**What is being asked**
Once you find the line with "Vintage-Lampe aus Rohr", output it and every line after it exactly, through the last line of the listing, but no pictures.

**Data listing**
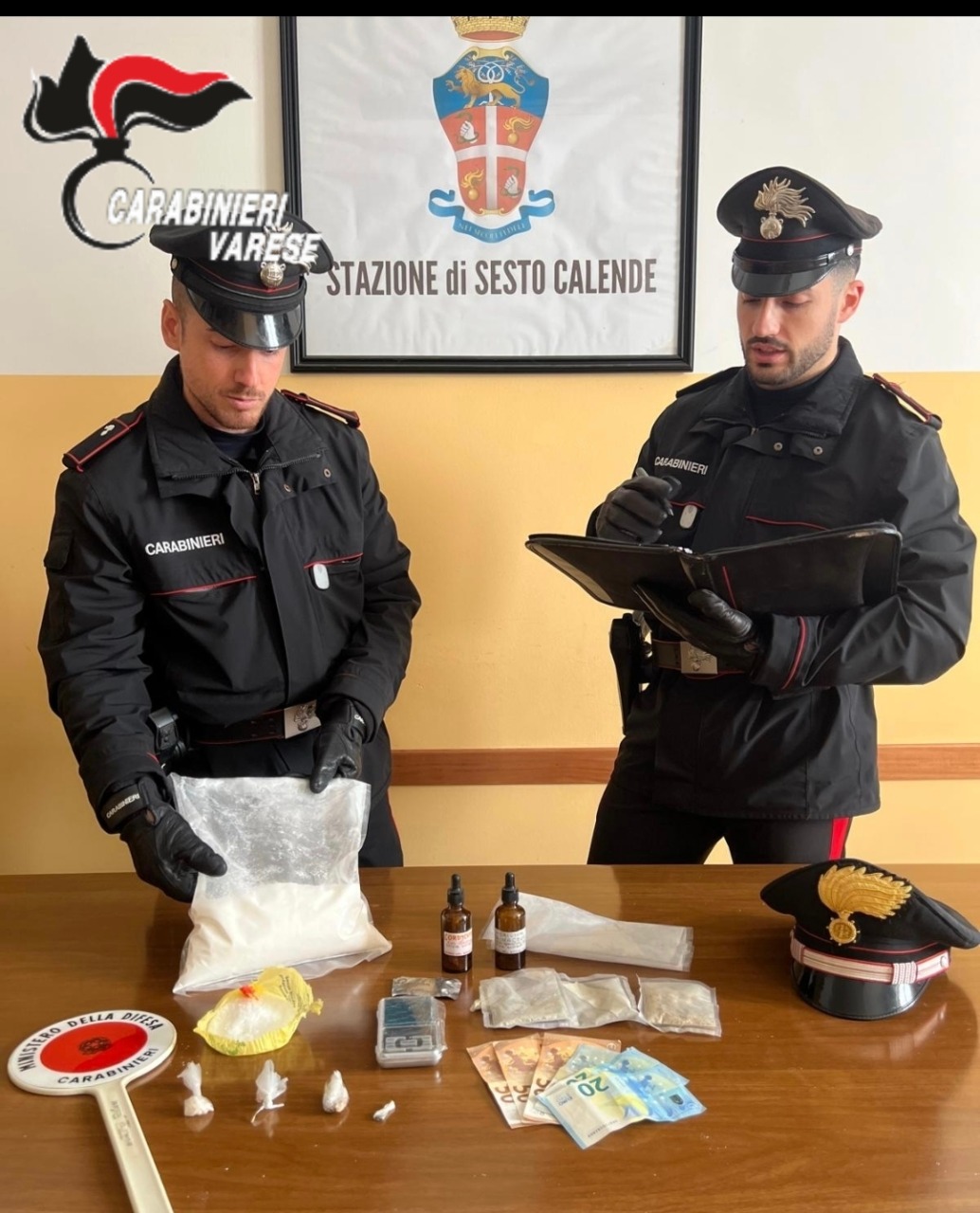 Ventiseienne fermato per un controllo: in casa un bazar di droghe sintetiche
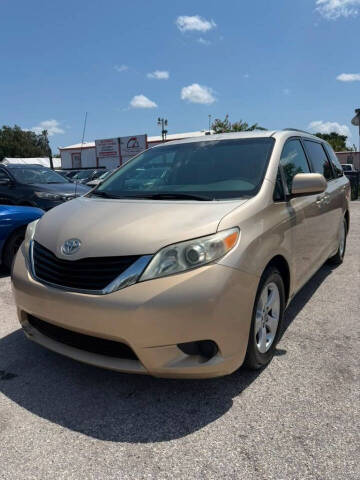 2013 Toyota Sienna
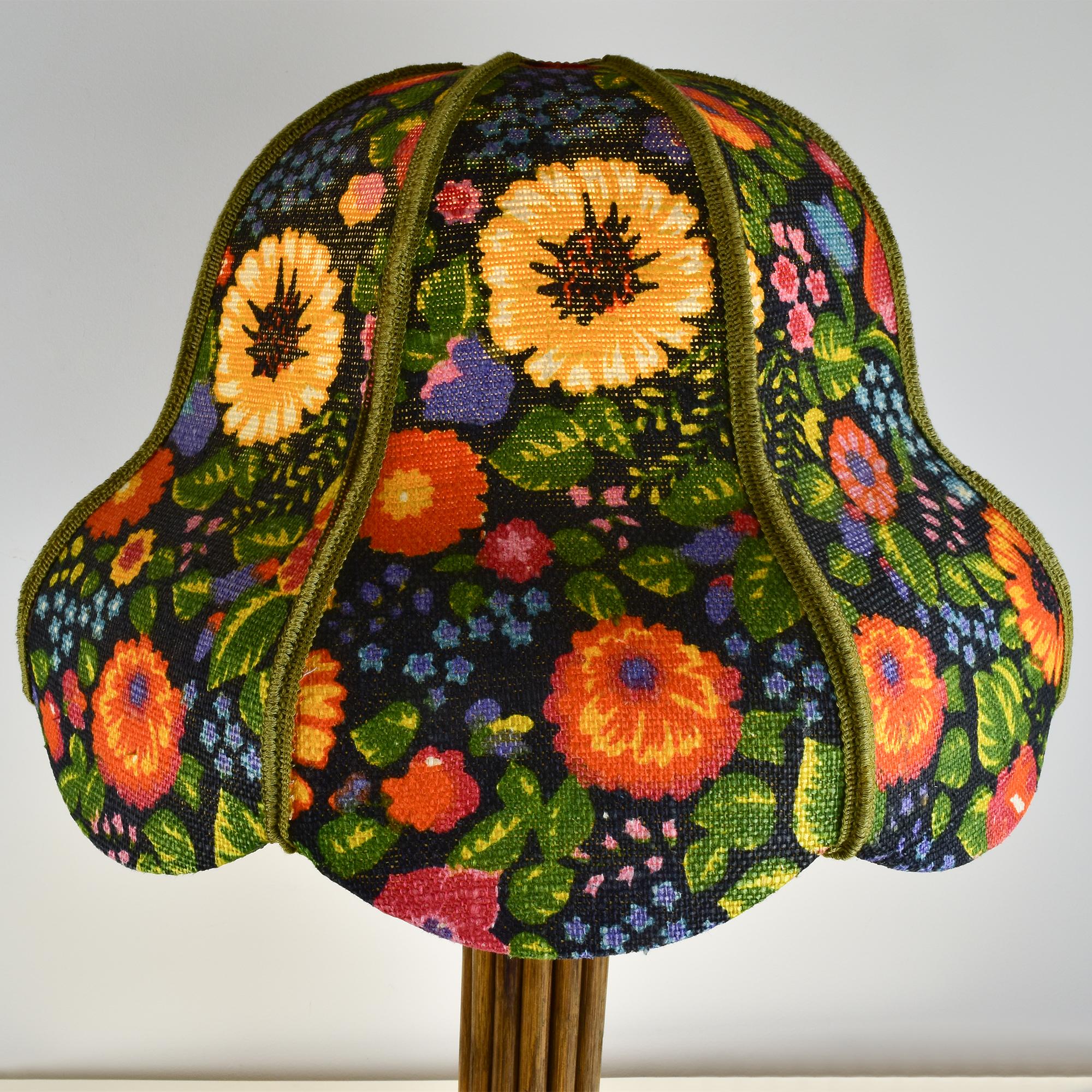 Vintage-Lampe aus Rohr und Rattan mit geblümtem Schirm von Leola - Boho-Dekor aus der Jahrhundertmitte (Mitte des 20. Jahrhunderts) im Angebot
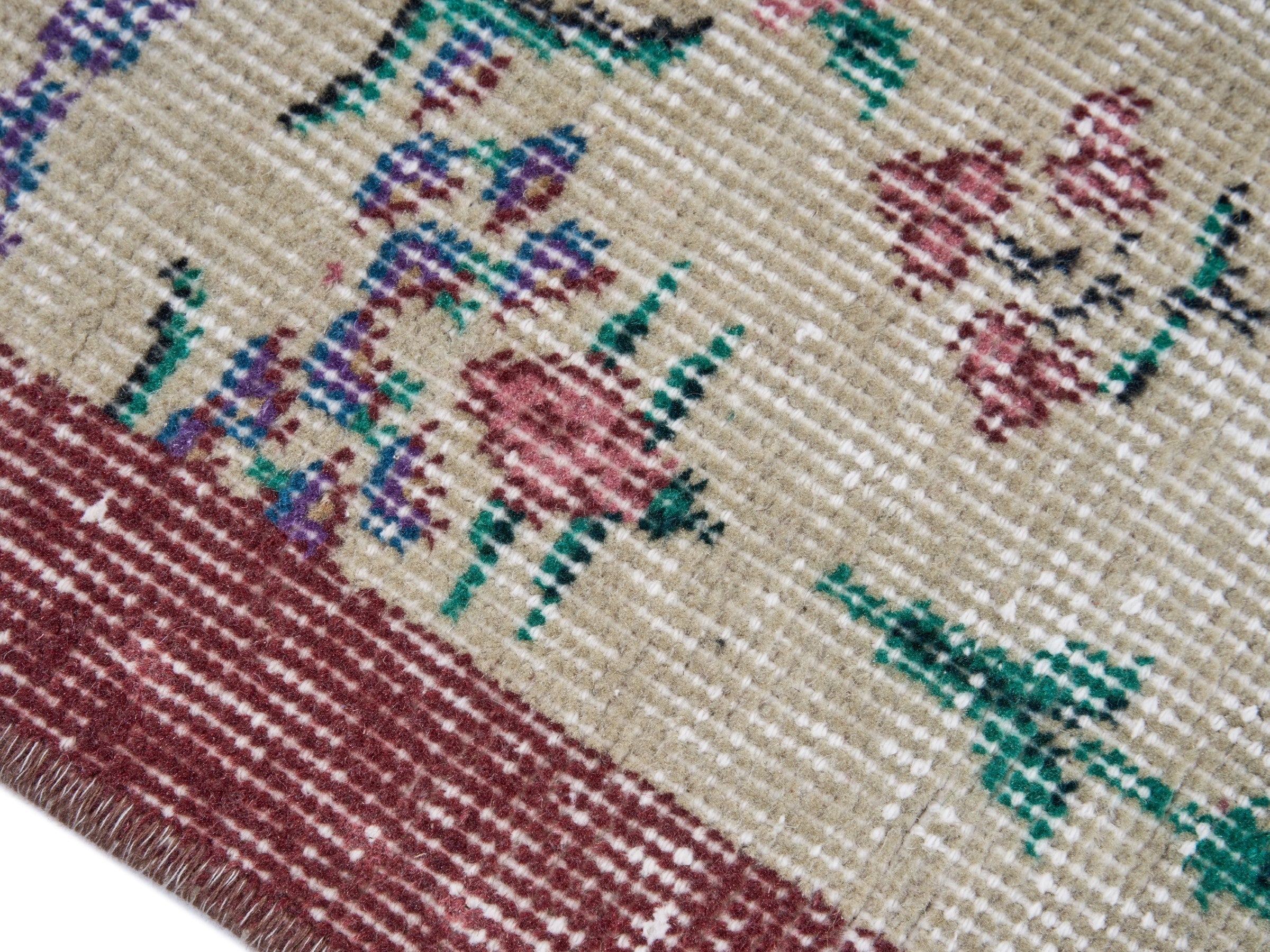 Turkish Isparta accent rug in cream and rose, view 6 of 10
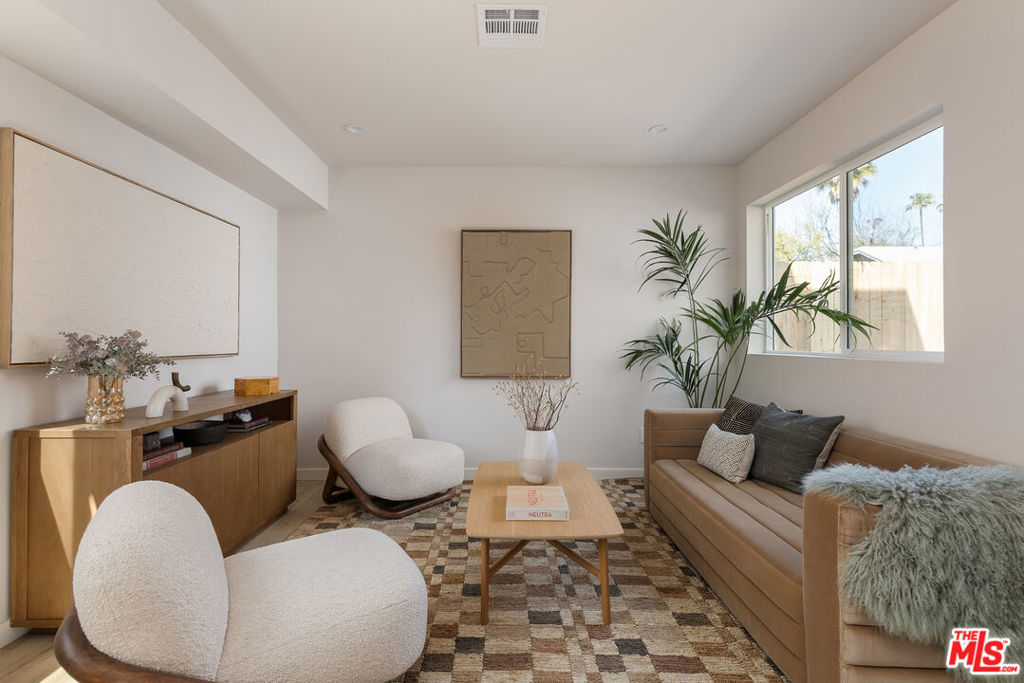 2212 Reservoir Street Property Photo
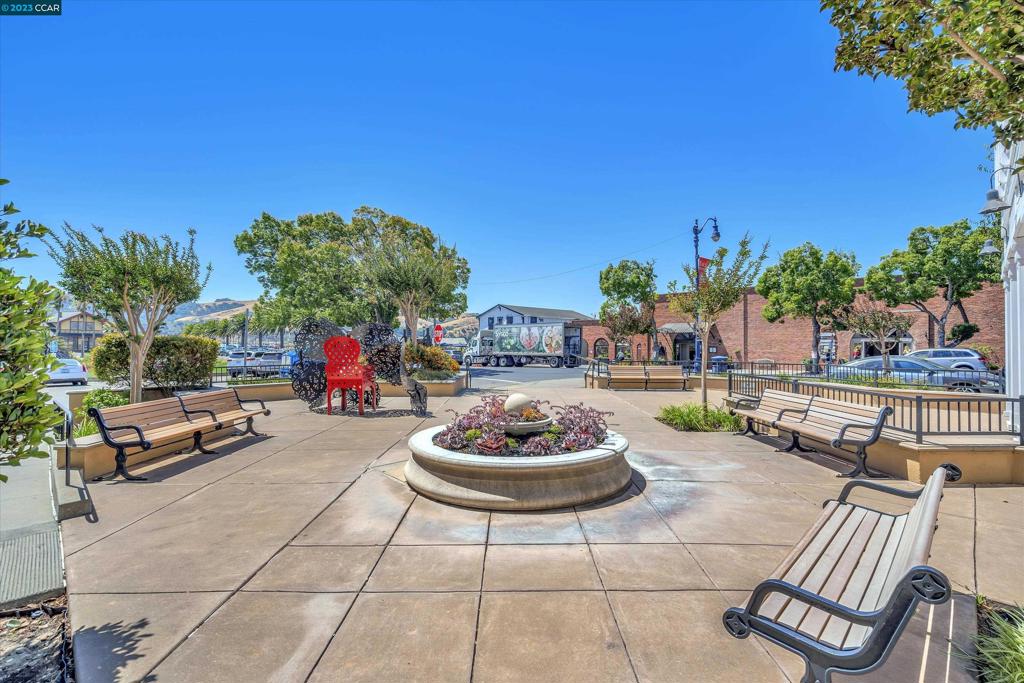 DOWNTOWN - Residential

**Reply**
 Vintage-Lampe aus Rohr und Rattan mit geblümtem Schirm von Leola - Boho-Dekor aus der Jahrhundertmitte (Mitte des 20. Jahrhunderts) im Angebot
 Turkish Isparta accent rug in cream and rose, view 6 of 10
 2212 Reservoir Street Property Photo
 DOWNTOWN - Residential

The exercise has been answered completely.